• _Instructions for the task_
The line with "Pain in passive dorsiflexion (Homan sign)" marks the first line to copy, and the line with "Coprinus velatopruinatus - pileocistide" marks the last. Transcribe that stretch of the data below exactly, without pictures.

• _Task material_
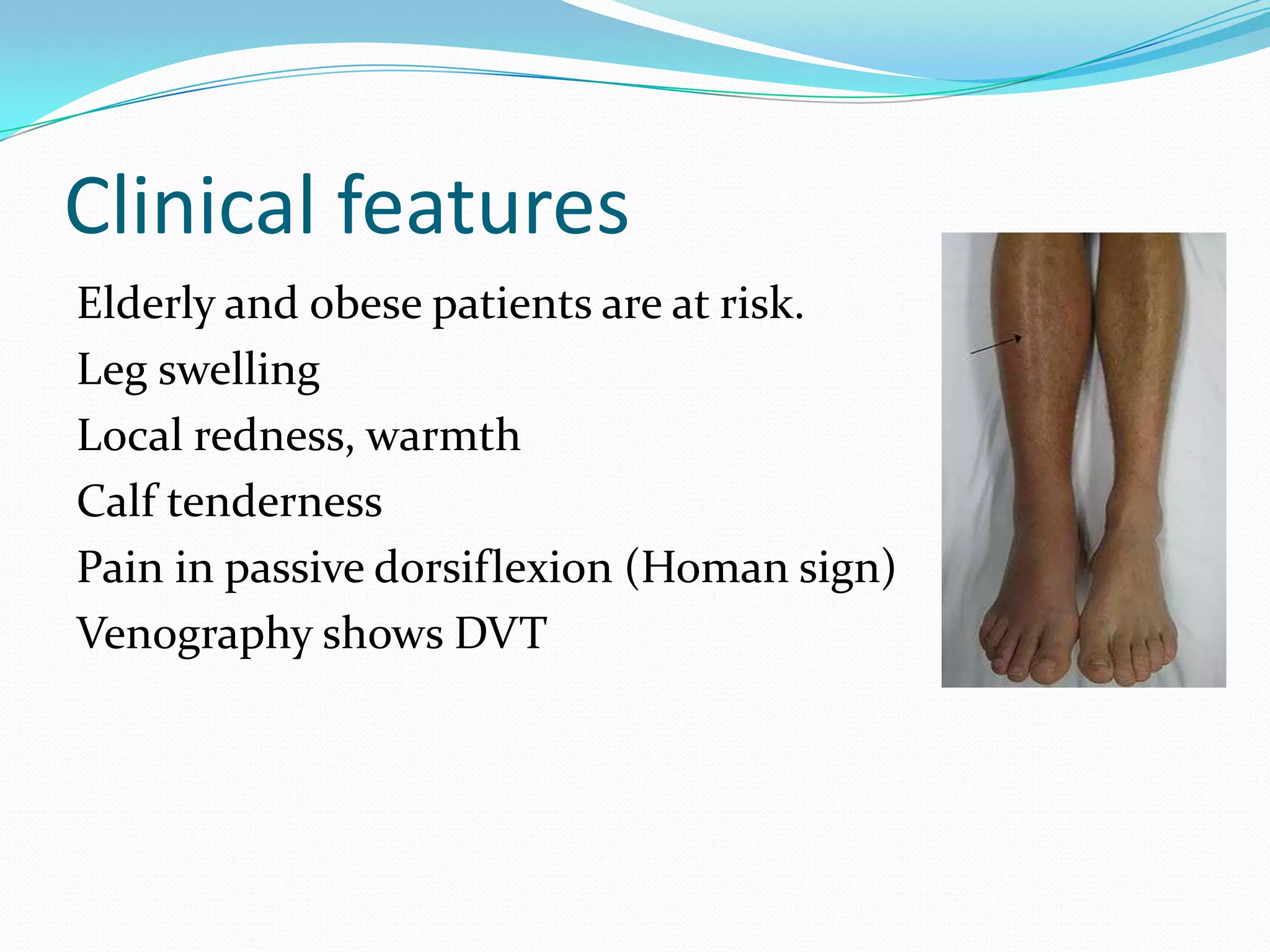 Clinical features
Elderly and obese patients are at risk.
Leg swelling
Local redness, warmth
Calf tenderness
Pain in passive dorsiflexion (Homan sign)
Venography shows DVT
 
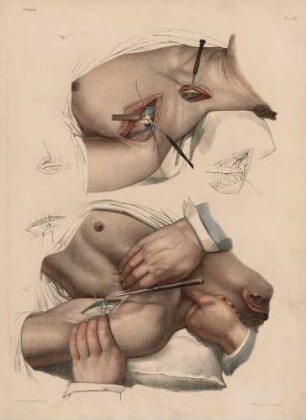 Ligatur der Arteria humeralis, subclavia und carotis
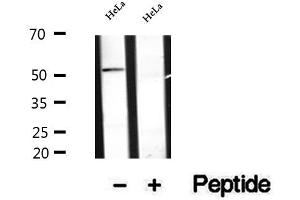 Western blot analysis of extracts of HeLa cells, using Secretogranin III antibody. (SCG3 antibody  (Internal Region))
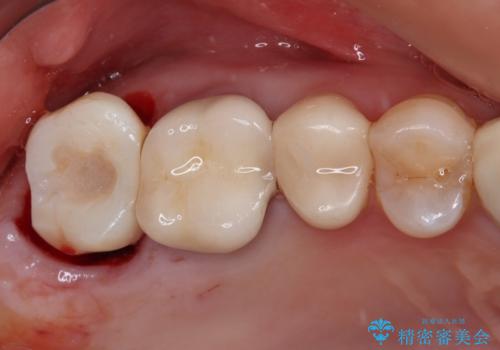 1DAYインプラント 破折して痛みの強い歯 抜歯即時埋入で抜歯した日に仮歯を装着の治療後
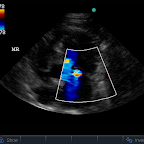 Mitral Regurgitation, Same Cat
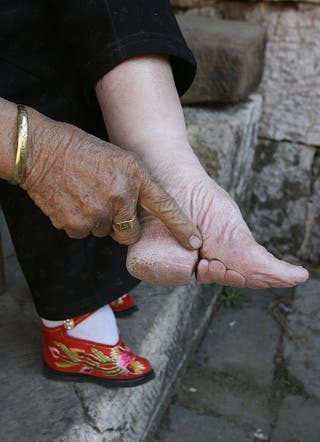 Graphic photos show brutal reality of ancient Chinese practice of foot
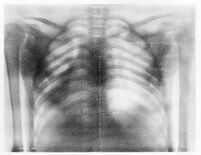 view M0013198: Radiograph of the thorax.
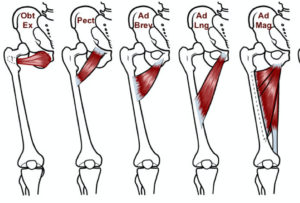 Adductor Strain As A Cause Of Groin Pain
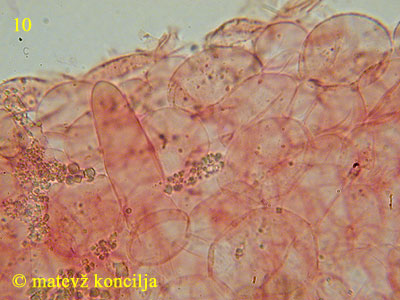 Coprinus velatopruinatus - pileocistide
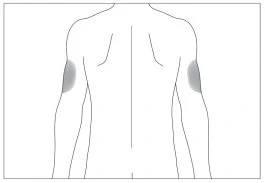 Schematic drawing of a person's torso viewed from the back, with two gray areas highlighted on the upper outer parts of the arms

• _Solution_
Pain in passive dorsiflexion (Homan sign)
Venography shows DVT
 
 Ligatur der Arteria humeralis, subclavia und carotis
 Western blot analysis of extracts of HeLa cells, using Secretogranin III antibody. (SCG3 antibody  (Internal Region))
 1DAYインプラント 破折して痛みの強い歯 抜歯即時埋入で抜歯した日に仮歯を装着の治療後
 Mitral Regurgitation, Same Cat
 Graphic photos show brutal reality of ancient Chinese practice of foot
 view M0013198: Radiograph of the thorax.
 Adductor Strain As A Cause Of Groin Pain
 Coprinus velatopruinatus - pileocistide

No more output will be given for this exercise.